I wanted to like “The Reaping,” I really did, even knowing it was written by the twin brother team that brought us the “House of Wax” remake and directed by Stephen Hopkins, the guy responsible for the historically awful “Lost in Space.” Religious-themed horror used to be a fairly respectable sub-genre, as demonstrated by movies like “Rosemary’s Baby” and “The Exorcist,” and is in desperate need of a reboot after the likes of “Constantine” and “The Exorcist: The Beginning.” The prospect of an Old Testament deity opening a six-goblet of whoop a*s and raining holy fire on blasphemers and idolaters on the big screen is pretty tasty, and rife with potential for nifty special effects. Finally, I wanted to see Elba – who played Stringer Bell in HBO’s superlative “The Wire” – get the stench of Tyler Perry’s “Daddy’s Little Girls” off of him by appearing in a decent movie.

Fortunately, six years of George W. Bush’s presidency have prepared me for disappointment. “The Reaping” starts off pleasantly enough, following Katherine and Ben on their quest to debunk an apparent miracle in Chile and putting forth the perfectly rational proposition that religion is a load of hooey. Something’s a little off, however. Katherine is a bit too shrill in her denouncements and would rather hang up on Costigan than debate him when he tries to warn her about her impending doom. You know, deep down, she’s just looking for an excuse to go back to quoting Scripture.
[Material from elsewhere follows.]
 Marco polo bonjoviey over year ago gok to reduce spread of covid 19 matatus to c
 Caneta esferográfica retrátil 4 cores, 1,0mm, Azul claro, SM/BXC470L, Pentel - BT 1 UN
And the CGI is bad. Like, “Escape from L.A.” bad. The “river of blood” looks more like a river of Kool-Aid, as no one in the film’s production seems to have ever heard that old “thicker than water” chestnut. And rather than just paint and tip a few real cows, they apparently hired somebody with an Associates Degree in computer animation from DeVry.

Finally, anyone who decides they want to shoot a movie in the South should be required to spend some time here first. There are more than two types of domiciles in these parts, though Hopkins would have you believe everyone south of the Mason-Dixon Line lives in a) filthy clapboard shacks, or b) decaying plantation homes. Granted, Louisiana’s hard to beat for modern Gothic creepiness, but most places do have central air.

“The Reaping” isn’t a total failure. Swank is never less than competent (though between this and “The Core” maybe she just accepts every third script that comes her way), Elba holds his own, and Morrissey has a nice Liam Neeson-by-way-of-Anthony Clark thing going. But the movie itself is virtually nonsensical. The set-up falls apart when the inevitable twist is finally revealed, and the film’s naked pandering to Christian moviegoers makes no sense when you consider how unlikely they are to shell out money for an R-rated horror movie.

One that doesn’t consist of Jesus getting the s**t beat out of him for two hours, that is.